[TASK INPUT Boundary: Start]

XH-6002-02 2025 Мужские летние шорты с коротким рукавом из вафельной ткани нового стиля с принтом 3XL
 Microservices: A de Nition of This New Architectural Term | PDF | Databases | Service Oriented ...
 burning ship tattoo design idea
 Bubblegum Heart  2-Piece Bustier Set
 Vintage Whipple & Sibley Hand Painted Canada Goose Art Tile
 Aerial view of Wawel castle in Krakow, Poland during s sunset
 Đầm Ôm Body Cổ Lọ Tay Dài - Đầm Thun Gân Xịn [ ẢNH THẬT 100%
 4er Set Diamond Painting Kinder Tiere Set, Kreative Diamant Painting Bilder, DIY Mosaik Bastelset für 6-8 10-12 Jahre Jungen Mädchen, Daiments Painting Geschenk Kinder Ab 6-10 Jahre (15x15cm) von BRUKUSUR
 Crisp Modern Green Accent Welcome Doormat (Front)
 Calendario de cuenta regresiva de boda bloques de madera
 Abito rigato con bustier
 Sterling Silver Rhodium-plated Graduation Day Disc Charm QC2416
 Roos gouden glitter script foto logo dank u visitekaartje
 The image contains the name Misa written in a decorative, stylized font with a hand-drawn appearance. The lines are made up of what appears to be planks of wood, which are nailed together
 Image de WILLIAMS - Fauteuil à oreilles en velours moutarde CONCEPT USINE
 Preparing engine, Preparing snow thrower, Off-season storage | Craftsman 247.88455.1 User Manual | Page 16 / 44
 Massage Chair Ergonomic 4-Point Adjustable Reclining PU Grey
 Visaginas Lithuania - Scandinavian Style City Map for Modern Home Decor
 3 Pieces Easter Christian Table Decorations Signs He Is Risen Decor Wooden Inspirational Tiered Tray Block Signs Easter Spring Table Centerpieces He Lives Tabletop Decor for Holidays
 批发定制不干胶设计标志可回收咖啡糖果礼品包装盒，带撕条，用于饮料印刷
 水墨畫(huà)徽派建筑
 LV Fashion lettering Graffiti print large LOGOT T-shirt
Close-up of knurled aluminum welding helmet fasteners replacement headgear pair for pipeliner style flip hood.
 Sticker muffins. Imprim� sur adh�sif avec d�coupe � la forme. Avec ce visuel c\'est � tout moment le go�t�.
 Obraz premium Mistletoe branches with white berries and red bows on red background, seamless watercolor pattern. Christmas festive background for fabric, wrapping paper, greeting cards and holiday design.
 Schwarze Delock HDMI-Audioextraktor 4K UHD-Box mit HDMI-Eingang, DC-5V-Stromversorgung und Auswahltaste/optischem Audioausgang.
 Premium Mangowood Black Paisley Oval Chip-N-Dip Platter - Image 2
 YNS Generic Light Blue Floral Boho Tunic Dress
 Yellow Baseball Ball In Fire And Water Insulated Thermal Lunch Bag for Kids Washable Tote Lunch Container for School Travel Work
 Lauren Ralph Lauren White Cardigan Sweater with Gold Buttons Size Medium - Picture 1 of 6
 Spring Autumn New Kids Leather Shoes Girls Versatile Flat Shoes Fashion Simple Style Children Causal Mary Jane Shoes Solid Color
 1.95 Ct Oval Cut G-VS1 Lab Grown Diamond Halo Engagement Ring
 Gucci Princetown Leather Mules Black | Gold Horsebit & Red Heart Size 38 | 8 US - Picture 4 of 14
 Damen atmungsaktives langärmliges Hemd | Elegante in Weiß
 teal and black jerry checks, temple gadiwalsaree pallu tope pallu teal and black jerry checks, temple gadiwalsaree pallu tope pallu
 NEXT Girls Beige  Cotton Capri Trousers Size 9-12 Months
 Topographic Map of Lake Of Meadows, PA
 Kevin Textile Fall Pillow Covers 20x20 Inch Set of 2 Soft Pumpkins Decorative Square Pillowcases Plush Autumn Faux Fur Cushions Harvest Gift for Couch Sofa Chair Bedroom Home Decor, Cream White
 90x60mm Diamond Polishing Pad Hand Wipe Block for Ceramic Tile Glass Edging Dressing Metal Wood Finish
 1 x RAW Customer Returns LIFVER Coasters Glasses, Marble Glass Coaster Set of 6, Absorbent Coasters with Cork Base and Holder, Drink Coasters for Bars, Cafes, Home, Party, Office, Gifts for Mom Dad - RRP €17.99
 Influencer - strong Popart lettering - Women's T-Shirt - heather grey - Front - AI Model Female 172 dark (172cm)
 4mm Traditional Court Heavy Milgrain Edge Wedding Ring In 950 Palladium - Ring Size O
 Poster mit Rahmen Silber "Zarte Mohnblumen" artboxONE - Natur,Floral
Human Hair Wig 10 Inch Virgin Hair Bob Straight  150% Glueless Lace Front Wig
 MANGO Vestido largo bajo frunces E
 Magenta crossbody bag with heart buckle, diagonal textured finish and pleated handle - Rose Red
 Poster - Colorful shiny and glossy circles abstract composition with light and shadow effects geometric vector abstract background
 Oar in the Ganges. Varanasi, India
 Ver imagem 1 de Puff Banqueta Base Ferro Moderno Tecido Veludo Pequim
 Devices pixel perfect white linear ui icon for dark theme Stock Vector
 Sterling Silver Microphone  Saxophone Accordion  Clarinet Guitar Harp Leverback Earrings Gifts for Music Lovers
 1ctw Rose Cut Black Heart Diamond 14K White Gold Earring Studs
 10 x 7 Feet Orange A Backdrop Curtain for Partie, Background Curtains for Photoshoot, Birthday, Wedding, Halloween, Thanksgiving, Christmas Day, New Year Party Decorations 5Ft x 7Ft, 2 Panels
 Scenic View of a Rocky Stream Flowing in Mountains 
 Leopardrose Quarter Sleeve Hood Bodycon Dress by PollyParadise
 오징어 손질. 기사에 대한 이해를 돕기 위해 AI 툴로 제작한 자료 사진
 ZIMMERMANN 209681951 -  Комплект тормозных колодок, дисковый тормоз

[TASK INPUT Boundary: End]

THE PROBLEM » Return only the part of the records above that opens with the line containing "Topographic Map of Lake Of Meadows, PA" and closes with the line containing "1ctw Rose Cut", ends included.

ANSWER FOR THIS EXERCISE »
 Topographic Map of Lake Of Meadows, PA
 Kevin Textile Fall Pillow Covers 20x20 Inch Set of 2 Soft Pumpkins Decorative Square Pillowcases Plush Autumn Faux Fur Cushions Harvest Gift for Couch Sofa Chair Bedroom Home Decor, Cream White
 90x60mm Diamond Polishing Pad Hand Wipe Block for Ceramic Tile Glass Edging Dressing Metal Wood Finish
 1 x RAW Customer Returns LIFVER Coasters Glasses, Marble Glass Coaster Set of 6, Absorbent Coasters with Cork Base and Holder, Drink Coasters for Bars, Cafes, Home, Party, Office, Gifts for Mom Dad - RRP €17.99
 Influencer - strong Popart lettering - Women's T-Shirt - heather grey - Front - AI Model Female 172 dark (172cm)
 4mm Traditional Court Heavy Milgrain Edge Wedding Ring In 950 Palladium - Ring Size O
 Poster mit Rahmen Silber "Zarte Mohnblumen" artboxONE - Natur,Floral
Human Hair Wig 10 Inch Virgin Hair Bob Straight  150% Glueless Lace Front Wig
 MANGO Vestido largo bajo frunces E
 Magenta crossbody bag with heart buckle, diagonal textured finish and pleated handle - Rose Red
 Poster - Colorful shiny and glossy circles abstract composition with light and shadow effects geometric vector abstract background
 Oar in the Ganges. Varanasi, India
 Ver imagem 1 de Puff Banqueta Base Ferro Moderno Tecido Veludo Pequim
 Devices pixel perfect white linear ui icon for dark theme Stock Vector
 Sterling Silver Microphone  Saxophone Accordion  Clarinet Guitar Harp Leverback Earrings Gifts for Music Lovers
 1ctw Rose Cut Black Heart Diamond 14K White Gold Earring Studs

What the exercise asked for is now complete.